Zur schlüssigen Darlegung des Verfahrensmangels eines vom FG übergangenen Beweisantrags gehört nach ständiger Rechtsprechung (u.a.) auch der Vortrag, dass die Nichterhebung des Beweises in der mündlichen Verhandlung gerügt wurde oder weshalb diese Rüge nicht möglich war (ständige Rechtsprechung, vgl. z.B. BFH-Urteil vom 20. April 1989 IV R 299/83, BFHE 157, 106, BStBl II 1989, 727, und BFH-Beschluss vom 17. November 1997 VIII B 16/97, BFH/NV 1998, 608). Da der im finanzgerichtlichen Verfahren geltende Untersuchungsgrundsatz eine Verfahrensvorschrift ist, auf deren Einhaltung ein Beteiligter --ausdrücklich oder durch Unterlassen einer Rüge-- verzichten kann (§ 155 FGO i.V.m. § 295 der Zivilprozessordnung), hat die unterlassene rechtzeitige Rüge den endgültigen Rügeverlust, so z.B. auch zur Begründung einer Nichtzulassungsbeschwerde, zur Folge (vgl. Senatsbeschluss vom 17. Dezember 1999 VII B 183/99, BFH/NV 2000, 597). An entsprechenden Darlegungen der Beschwerde, dass die Klägerin in der mündlichen Verhandlung vor dem FG das Übergehen eines zuvor schriftsätzlich gestellten Beweisantrags gerügt hat oder weshalb diese Rüge nicht möglich war, fehlt es im Streitfall. Auch ist weder den Schriftsätzen der Klägerin noch dem Verhandlungsprotokoll ein entsprechender Beweisantrag zu entnehmen. Auch wenn die Klägerin in der mündlichen Verhandlung nicht anwaltlich vertreten war, ist ihr der Rügeverzicht zuzurechnen. Denn ihrer --nach Aktenlage im Rechtsverkehr nicht unkundigen-- Mutter, die für sie aufgetreten ist, musste sich nach dem Verlauf der Verhandlung aufdrängen, dass es auf den Nachweis der Herkunft der für den Hauskauf aufgewendeten Gelder streitentscheidend ankam.

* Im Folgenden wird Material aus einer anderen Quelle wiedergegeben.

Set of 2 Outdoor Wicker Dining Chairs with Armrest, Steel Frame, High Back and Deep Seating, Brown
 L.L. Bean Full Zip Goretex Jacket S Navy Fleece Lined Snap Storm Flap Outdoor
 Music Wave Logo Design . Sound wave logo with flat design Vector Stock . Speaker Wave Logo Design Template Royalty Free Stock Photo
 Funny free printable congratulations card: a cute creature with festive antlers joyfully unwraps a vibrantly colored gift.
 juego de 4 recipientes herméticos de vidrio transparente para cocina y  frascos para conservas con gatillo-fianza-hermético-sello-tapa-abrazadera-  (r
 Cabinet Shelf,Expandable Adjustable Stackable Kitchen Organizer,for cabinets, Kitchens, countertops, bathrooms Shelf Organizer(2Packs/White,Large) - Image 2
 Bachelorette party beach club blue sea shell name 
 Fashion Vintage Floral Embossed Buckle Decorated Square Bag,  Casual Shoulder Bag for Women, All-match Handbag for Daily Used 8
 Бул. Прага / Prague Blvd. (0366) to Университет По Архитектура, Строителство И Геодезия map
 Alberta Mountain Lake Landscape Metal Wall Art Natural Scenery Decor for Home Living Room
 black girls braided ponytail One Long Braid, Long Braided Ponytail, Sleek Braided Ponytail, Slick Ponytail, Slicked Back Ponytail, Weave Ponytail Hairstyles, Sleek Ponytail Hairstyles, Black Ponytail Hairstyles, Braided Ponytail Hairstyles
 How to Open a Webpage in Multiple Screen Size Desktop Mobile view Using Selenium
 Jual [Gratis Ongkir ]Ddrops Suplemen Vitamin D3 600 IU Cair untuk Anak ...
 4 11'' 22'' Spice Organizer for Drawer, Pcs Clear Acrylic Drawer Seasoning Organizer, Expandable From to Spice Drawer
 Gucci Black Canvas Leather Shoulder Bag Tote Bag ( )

Abgesehen davon ist dem Vorbringen der Klägerin kein Sachverhalt zu entnehmen, der Anlass zu einer Zeugenvernehmung gegeben hätte. Nach dem Verhandlungsprotokoll hat sie zu den Geldgeschenken ihrer Großeltern zu ihrer Taufe vorgetragen. Das FG hat dazu festgestellt, dass die Zahlungsvorgänge unsubstantiiert geblieben und keine nachvollziehbaren Angaben zu den angeblich mit diesem Geld eröffneten Konten gemacht worden seien. Es bleibt offen, welchen entscheidungserheblichen Sachverhalt die Zeugen hätten bestätigen sollen.